1953 geht er mit ein paar Worten Französisch für einige Jahre nach Paris, um die Rechte zu studieren. Konvertiert zum Katholizismus. Lernt, neugierig, selbstbewusst, intelligent, Sartre kennen und de Beauvoir. Bekommt von ihnen "sein theoretisches Rüstzeug für den Kampf um Gerechtigkeit." Konvertiert zum Sozialismus. Bewirbt sich für eine Assistentenstelle der Uno im Kongo, der von Belgien 1961 in die Unabhängigkeit entlassen wurde. Bekommt dort sein praktisches Rüstzeug. Sieht Kinder "im Elend verrecken, weil Belgien sich einen Dreck scherte, wie es mit dem Kongo weitergeht." In diesem Augenblick schwor er sich: "Nie mehr möchte ich auf der Seite der Henker stehen."

In Genf, drei Jahre später, traf er auf Che Guevara, der einer Konferenz im Interconti beisaß. Ziegler, Bewunderer Ches, begleitete ihn während sechs Wochen lang, fuhr ihn durch die Stadt in den Sitzungspausen. Am Ende wollte Ziegler, dreißigjährig und glühend für die Idee einer besseren Welt, ihm nach Kuba folgen. Den Sozialismus in seiner reinen Form erleben. Doch Che sagte ihm: "Schau Dich um, Juan. All die Banken, Versicherungen, die teuren Hotels, die mächtigen Firmen. Hier bist Du im Gehirn des Ungeheuers! Was willst Du mehr? Dein Schlachtfeld ist hier."

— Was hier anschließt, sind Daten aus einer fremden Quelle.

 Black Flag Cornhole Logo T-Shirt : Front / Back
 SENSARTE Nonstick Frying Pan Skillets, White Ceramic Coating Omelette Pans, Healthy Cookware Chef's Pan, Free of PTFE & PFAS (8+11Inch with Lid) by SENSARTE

Ziegler entschied, den Rat anzunehmen. Zu bleiben in Genf. Zu kämpfen. Bis heute. Und für wie lange noch? Ziegler, reich nur an Schulden aus unzähligen Verleumdungsklagen, wird nicht aufhören, weiter schießen und also weiter schreiben. Markus Krebser, Freund und Mitschüler aus Kindertagen, sagt: "Ziegler wird keine Altersruhe finden." Er darf es wohl auch nicht, denn er kann jetzt nicht plötzlich schweigen, nur weil die Zeit auch für ihn keine Pause einlegt und ihn bald sechsundsiebzig werden lässt. Dafür ist seine Stimme zu wichtig. Meinen jene, die ihm wohl gesinnt sind.

Vor sechs Wochen bekam er Besuch von der Witwe Che Guevaras. Alle paar Jahre sehen sich die beiden. Bei der Verabschiedung sagte sie ihm: "Er hat Dich gemocht!"

Ziegler sagt: "Che war ein wirklich großer Kämpfer." Er dreht seine Handflächen nach oben. "Ich bin ja nur ein ganz banaler, kleinbürgerlicher Mensch." Jean Ziegler begleitet bis hinaus zum Auto. Er umarmt und küsst auf die Wange. "Alles Gute für Dich."